The RMBF Business Best Practice book (below) can be purchased from the RMBF for $39.95 + GST and postage. To order call Kathy on 0800 762 328 or email [email protected].

A case in point

There is a legal case which, though not included in the book, was first brought to the attention of RMBF members in 1987. I thought it was well worth reviving it from the archives.
Does the contractor have to follow specification, or produce a result?

In the case of Cable (1956) Ltd v Hutcherson Bros PTY Ltd (1969), the client (Cable) called tenders for the construction of the storage bins on reclaimed land.
The contractor tendered for, and won, the contract. However, alterations were made to the drawings of the foundation both before and after the date of acceptance of the tender.

An Articles of Agreement signed after the acceptance of the tender date contained the agreement that the contractor was to execute the works shown on the contract drawings and described in the specifications, in a workmanlike manner.

The foundations were then found to be inadequate, and the client purported to cancel the contract when the contractor refused to do the piling work required to secure the bins.
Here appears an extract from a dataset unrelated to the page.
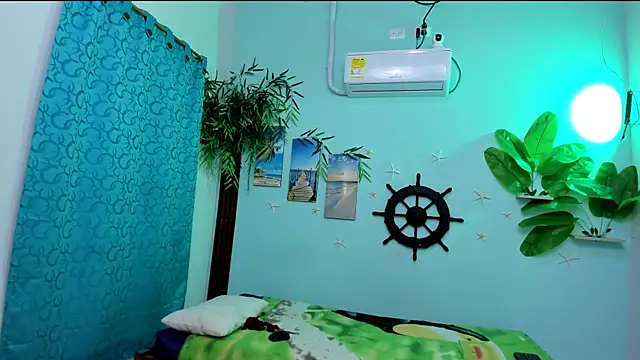 eladyrous98 online show from September 24, 2025, 1:06 pm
The contractor then referred the matter to arbitration.

The arbitrator found that the work referred to in the plans was carried out by the contractor in accordance with the plans and in a workmanlike manner. He found that under the agreement between the parties, the contractor was not required to erect bins otherwise than according to the plans.

He stated as a question to the court whether the contractor was liable for the efficient operation of the storage bins.
The client was of the belief that the cost of piling the foundation of the bins was the contractual responsibility of the contractor, and that it was the promise of the contractor to produce a result — that is, that storage bins that would operate and carry out the client’s scheme or project.

The client also relied on a “basis for tender” clause whereby the tenderer guaranteed the efficient operation of the plant for a 12-month period.
The High Court on Appeal agreed that the “basis of tender” clause in the specification was only a step preceding the agreement. Even if it was part of the agreement, it was still not operative.

Thus, the High Court ruled that the contractor was not liable for the efficient operation of the plant. The contractor had promised no more than to carry out the specified work in a workmanlike manner.
As the arbitrator had ruled that this had been done, the appeal by the client was dismissed.